_About this exercise_
Please retype the entries that follow exactly as they are, leaving the images behind.

_Exercise data_
####################

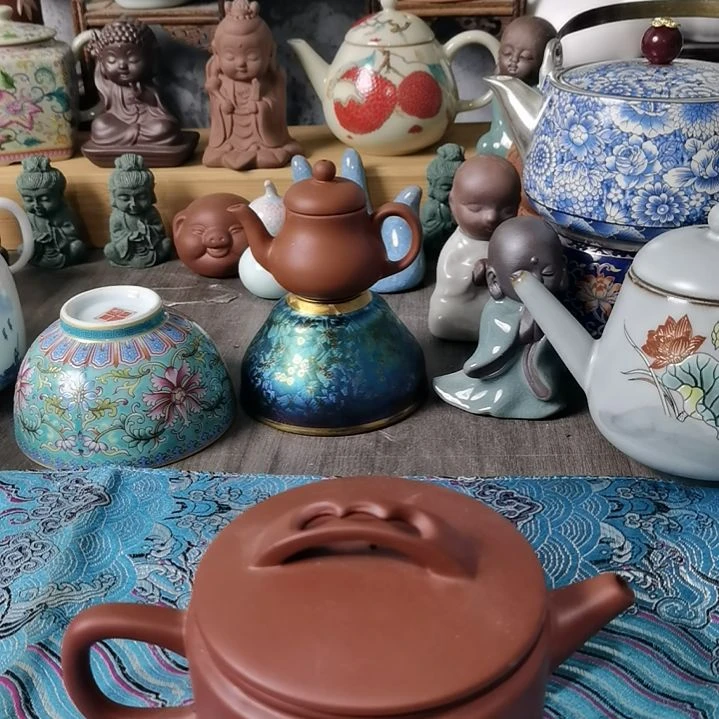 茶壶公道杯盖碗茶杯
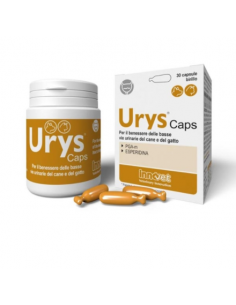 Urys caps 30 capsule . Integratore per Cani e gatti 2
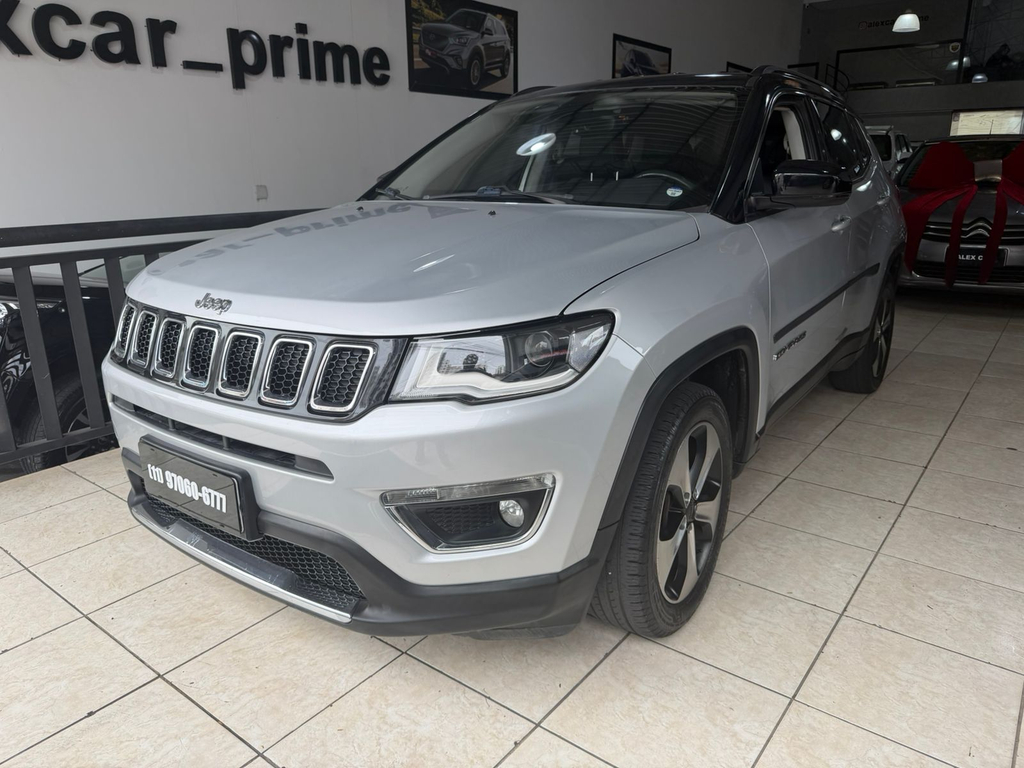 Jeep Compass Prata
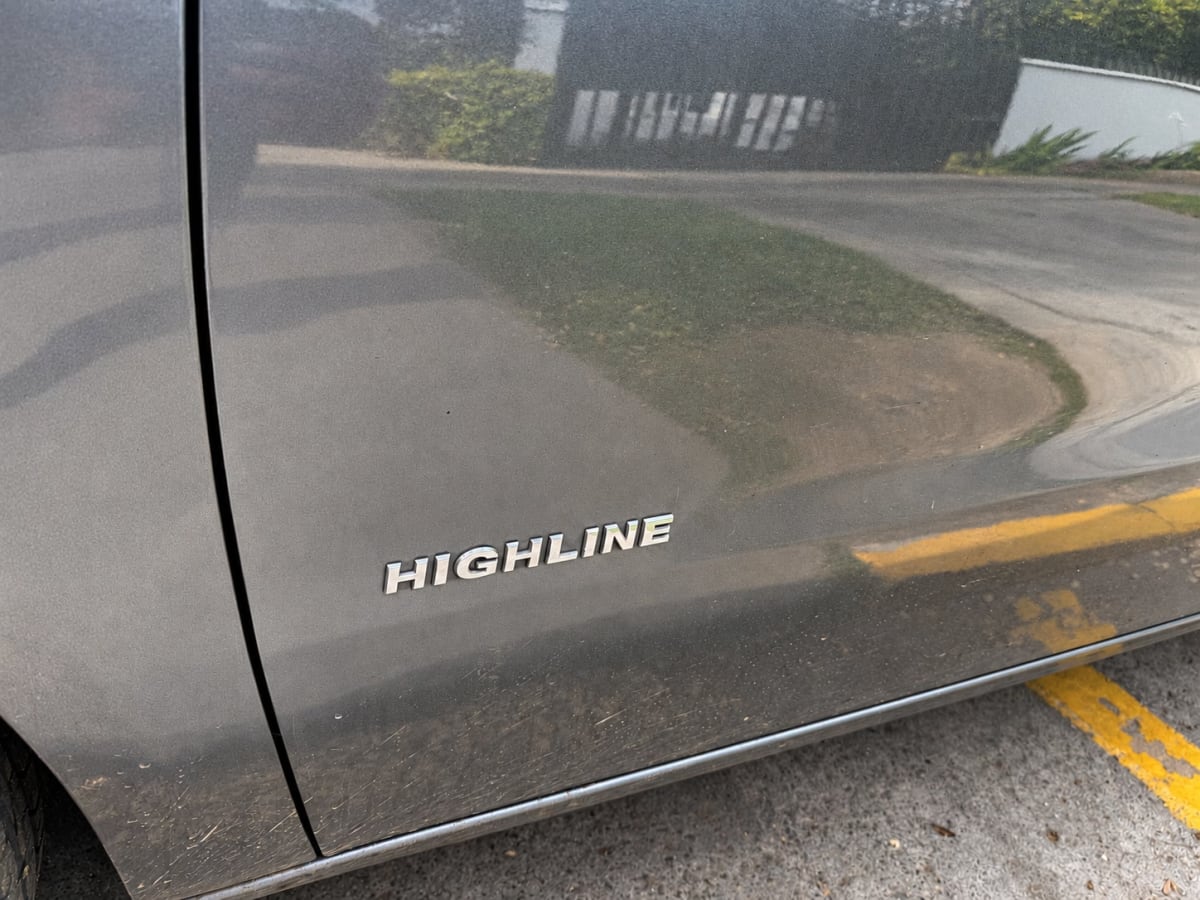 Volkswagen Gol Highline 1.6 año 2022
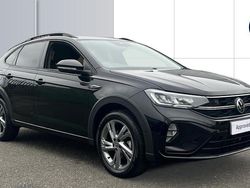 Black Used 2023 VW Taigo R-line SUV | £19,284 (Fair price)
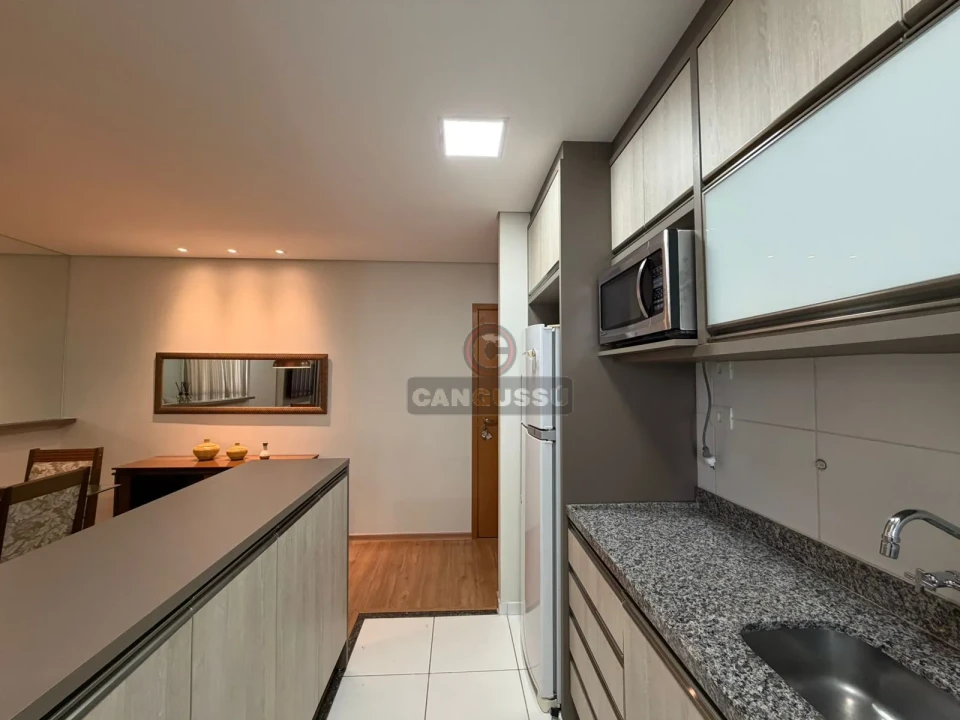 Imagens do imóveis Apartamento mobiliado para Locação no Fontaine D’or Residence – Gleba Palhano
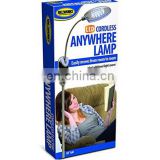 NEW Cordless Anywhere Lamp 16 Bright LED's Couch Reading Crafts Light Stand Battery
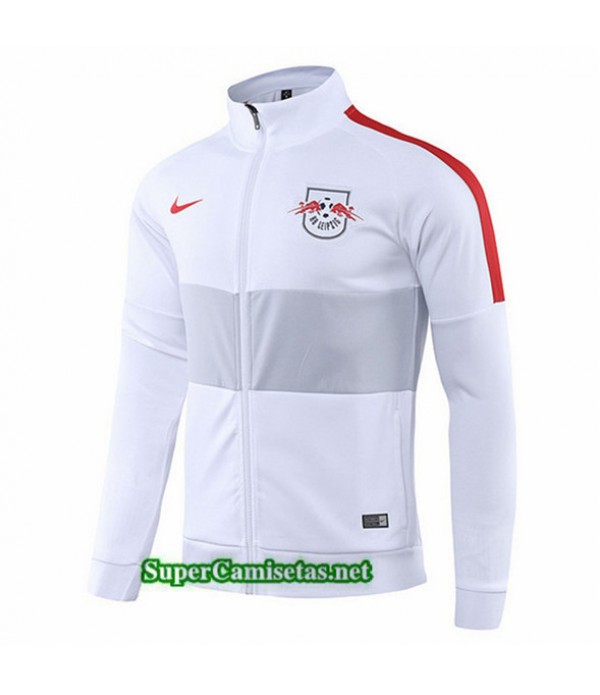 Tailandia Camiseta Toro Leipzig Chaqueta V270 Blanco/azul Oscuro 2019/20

####################

_Solution to this task_
 茶壶公道杯盖碗茶杯
 Urys caps 30 capsule . Integratore per Cani e gatti 2
 Jeep Compass Prata
 Volkswagen Gol Highline 1.6 año 2022
 Black Used 2023 VW Taigo R-line SUV | £19,284 (Fair price)
 Imagens do imóveis Apartamento mobiliado para Locação no Fontaine D’or Residence – Gleba Palhano
 NEW Cordless Anywhere Lamp 16 Bright LED's Couch Reading Crafts Light Stand Battery
 Tailandia Camiseta Toro Leipzig Chaqueta V270 Blanco/azul Oscuro 2019/20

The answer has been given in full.